Descendance de : Julien Deshommeaux 1606-1666 (XIII)
Conjoint(e) de : Sébastienne Ganivet -1667 (XIII)
XII Perrine Deshommeaux 1628-1686 x Mathurin Davy 1621-1678
XI Nicolle Davy v.1660-1724 x Olivier Lecompte v.1656-1716
X Jean Lecompte v.1695-1750 x Marie Dupont 1694-1750
IX Marie Lecompte 1717-1753 x Pierre Jourdon 1713-1775
VIII Pierre Jourdon 1746-1781 x Jeanne Carabin 1751-1823
VII Pierre Jourdon 1781-1831 x Julienne Gille 1776-1837
VI Pierre Jourdon 1813-1867:99 x Jeanne Robert 1811-1876
Descendance de : Julien Deshommeaux 1606-1666 (XII)
Conjoint(e) de : Sébastienne Ganivet -1667 (XII)
XI Jeanne Deshommeaux 1631-1687 x Jean Ravard -
X Jean Ravard vv.1670-1740 x Marie Cruau vv.1673-1748
IX Jeanne Ravard 1702-1781 x Jean Gautier 1703-1741
VIII Jean Gautier -1792 x Marie Vignon 1735-1782
VII Emerence Gautier 1776-1849 x Toussaint Robert 1772-1835
VI Jeanne Robert 1811-1876 x Pierre Jourdon 1813-1867:99
Pierre Jourdon et Jeanne Robert ont un fils, Michel Jourdon, père de ma grand-mère paternelle. Ainsi Julien Deshommeaux et Sébastienne Ganivet figurent-ils deux fois parmi les ascendants de Michel Jourdon (et parmi les miens, par la même occasion) : en tant qu’ancêtres de Pierre Jourdon (par leur fille Perrine) et en tant qu’ancêtres de Jeanne Robert (par leur fille Jeanne).

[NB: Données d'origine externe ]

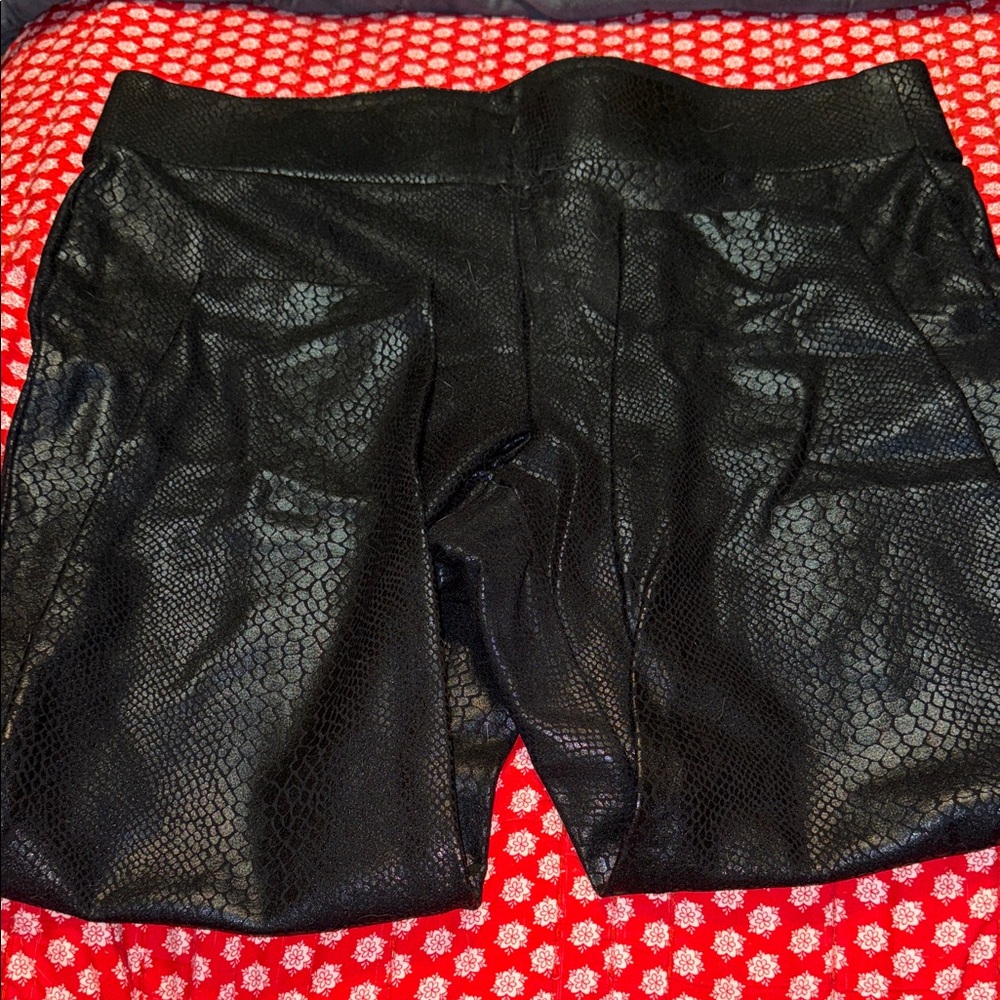 Torrid pants - Picture 3 of 3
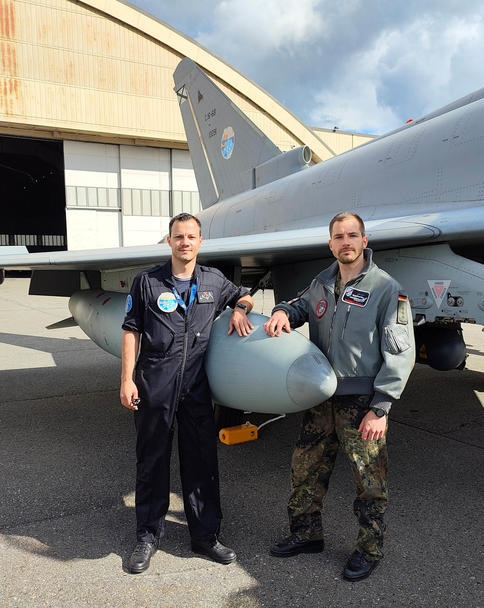 Field Service Representative René (left) and German Air Force System Engineer Sebastian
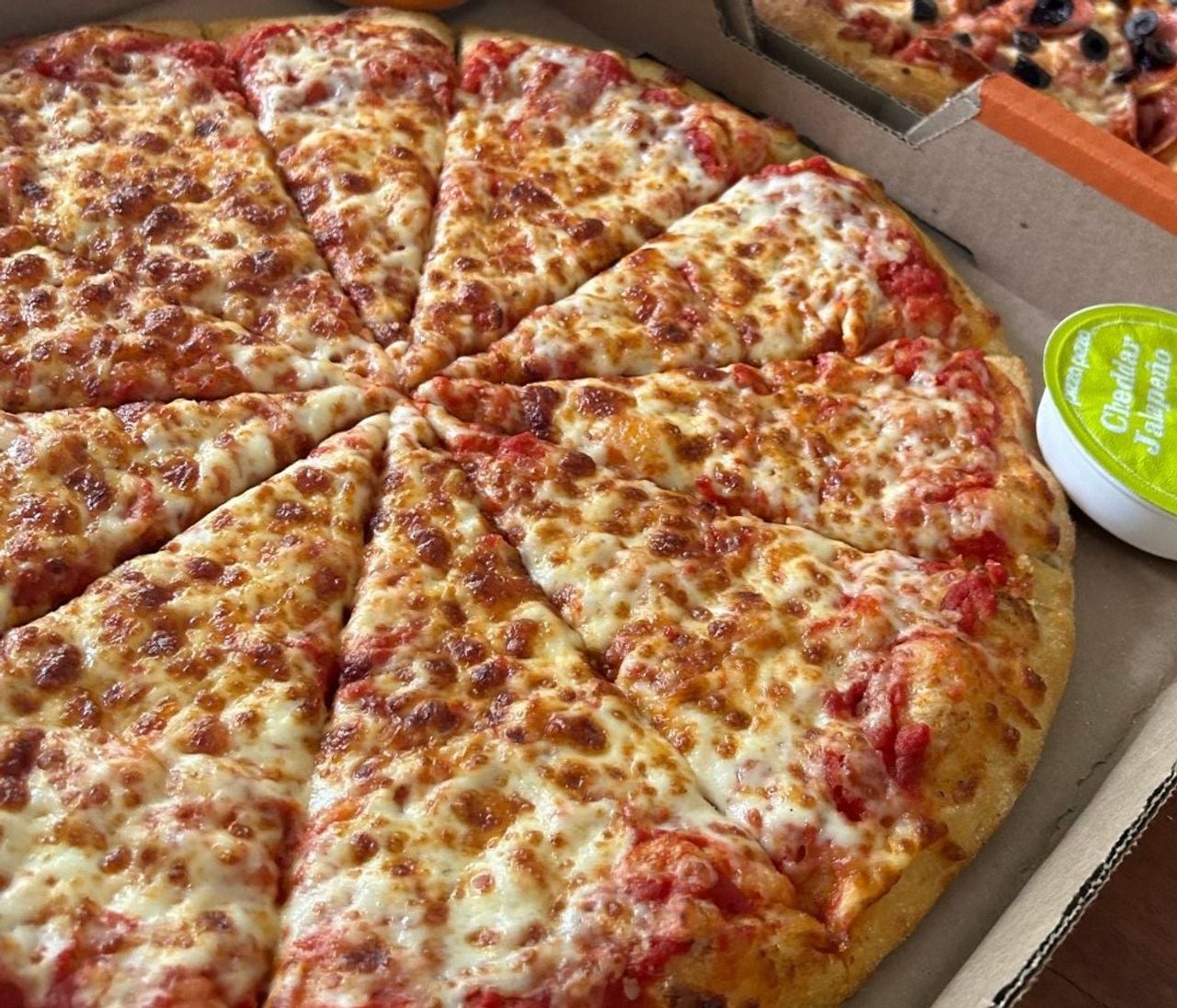 This Toronto Blue Jay's favourite pizza topping will floor you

Les deux « instances » de Julien, respectivement de Sébastienne, constituent un implexe. Tous leurs ascendants le sont également.
Le cas de Julien et Sébastienne n’est pas isolé. Plus on remonte dans les générations, plus le nombre d’implexes tend à s’accroître. Le phénomène de l’implexe réduit fortement le nombre d’ancêtres réels qui est de ce fait bien inférieur au nombre théorique calculé par la mécanique des puissances de deux.